Это было закономерно. Бойкие дельцы от литературы захватили административные посты, и каждое слово Замятина, сказанное прежде и повторяемое ныне, было для них опасным вызовом. Е. Замятина нельзя было сломить и заставить петь аллилуйю — он был не только одной из самых авторитетных фигур в советской литературе, он был воплощением принципиальности и честности. Это дерево необходимо было срубить не только потому, что вершина его поднималась слишком высоко, но и чтобы испугать его меньших братьев.
Перелом во внутренней политике в государстве сопровождался переломом в литературе и искусстве. Функции карательных органов были переданы в литературе РАППу, и одной из основных жертв этой кампании стал Замятин.
В письме к Сталину в 1931 году Замятин писал: «Организована была небывалая еще до тех пор в советской литературе травля, отмеченная в иностранной прессе: сделано было все, чтобы закрыть для меня всякую возможность работы. Меня стали бояться вчерашние мои товарищи, издательства, театры. Мои книги были запрещены к выдаче из библиотек. Моя пьеса («Блоха»), с неизменным успехом шедшая во МХАТе 2-м уже четыре сезона, была снята с репертуара. Печатание собрания моих сочинений в издательстве «Федерация» было приостановлено…»

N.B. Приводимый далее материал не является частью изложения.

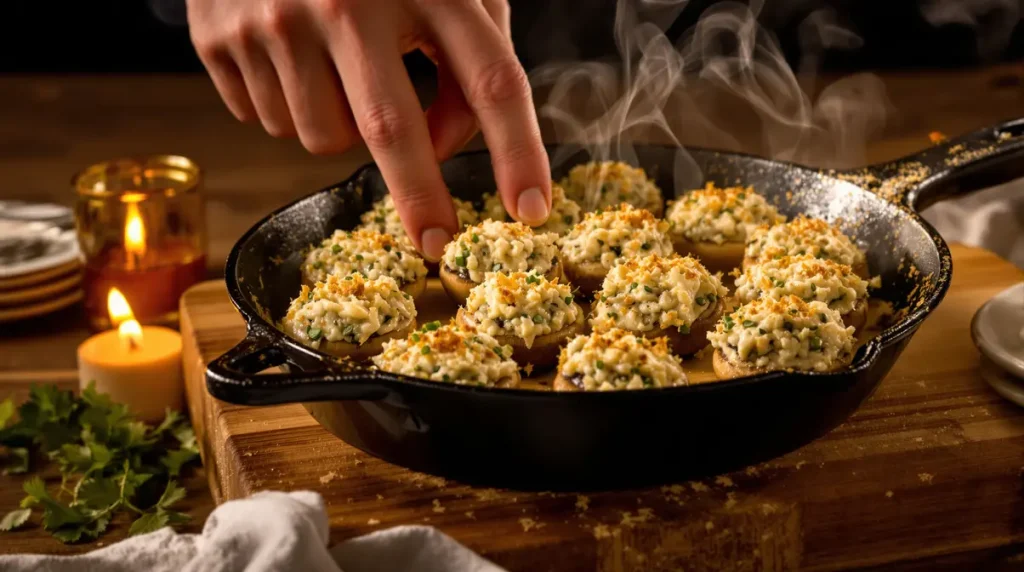 Champignons farcis au four, à l’ail et aux fines herbes : l’apéro chaud, fondant et croustillant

Замятину, по существу, был вынесен смертный приговор.
«Для меня как для писателя именно смертным приговором является лишение возможности писать, а обстоятельства сложились так, что продолжать свою работу я не могу», — писал он Сталину.

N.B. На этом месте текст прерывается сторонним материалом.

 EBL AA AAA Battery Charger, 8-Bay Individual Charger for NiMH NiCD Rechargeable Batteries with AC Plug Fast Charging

Два великих советских писателя, попавшие в сходные условия, отчаявшись, написали письма генеральному секретарю партии с просьбой о помиловании. Оба прожили после того недолго и умерли (смерть их была ускорена травлей) в расцвете сил: Булгаков и Замятин. В остальном их судьба сложилась по-разному.
Для Замятина решающую роль сыграла дружба с Горьким. Уже в 1930 году он обратился к Горькому с просьбой помочь ему уехать на время за границу, чтобы избавиться от повседневной отвратительной травли.
Замятин был убежден, что господство РАППа и создавшаяся трагическая ситуация в нашей литературе — явление временное. Что страшные предчувствия романа «Мы», разгаданные охранителями догмы, не сбудутся. Не сегодня-завтра победит трезвость, разум.
Эту точку зрения разделял и Горький. И неудивительно, что он в ответ на просьбу Замятина заметил: «Подождите до весны. Увидите — все изменится».
Наступила весна 1931 года. Ничего не изменилось. Стало еще хуже. И когда весной Замятин — усталый, больной, страдающий от обострившейся астмы — пришел к Горькому снова, тот согласился помочь. Тогда и было написано письмо Сталину с просьбой отпустить писателя на некоторое время за границу. Горький сам отвез это письмо Сталину и смог добиться его согласия.